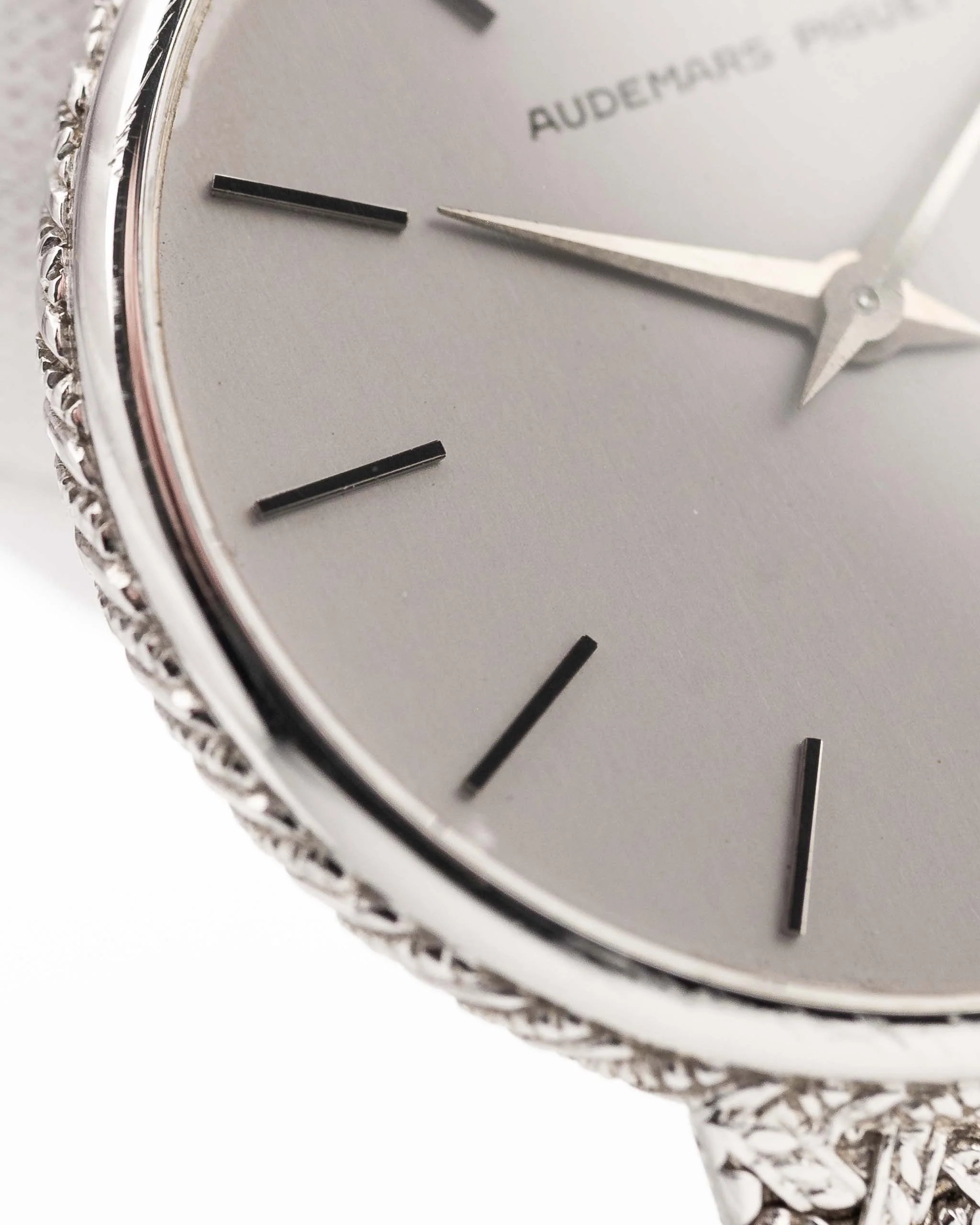 Audemars Piguet 18k Ultra Thin Calatrava 1970s - Image 12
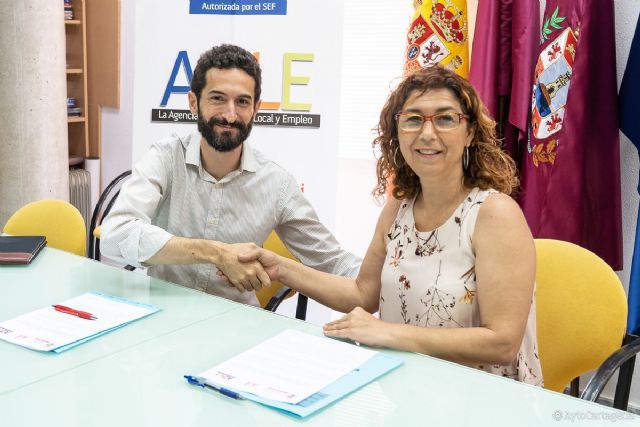 La ADLE y la Asociación de Jóvenes Empresarios de Cartagena firman un convenio para registrar patentes y marcas - 1, Foto 1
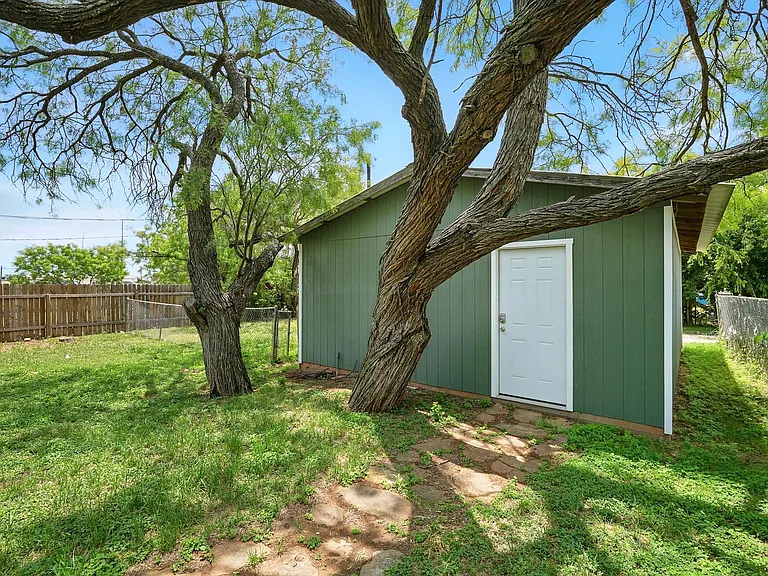 5107 Durango Dr — Photo 30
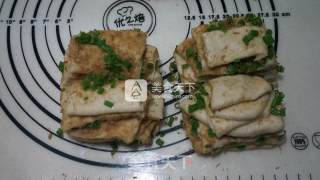 #aca烤明星大赛# Scallion Fragrant Pork Floss Shredded Bread recipe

• [Task brief]: Everything above except the pictures needs to be reproduced exactly.

• [Finished exercise]:
 Audemars Piguet 18k Ultra Thin Calatrava 1970s - Image 12
 La ADLE y la Asociación de Jóvenes Empresarios de Cartagena firman un convenio para registrar patentes y marcas - 1, Foto 1
 5107 Durango Dr — Photo 30
 #aca烤明星大赛# Scallion Fragrant Pork Floss Shredded Bread recipe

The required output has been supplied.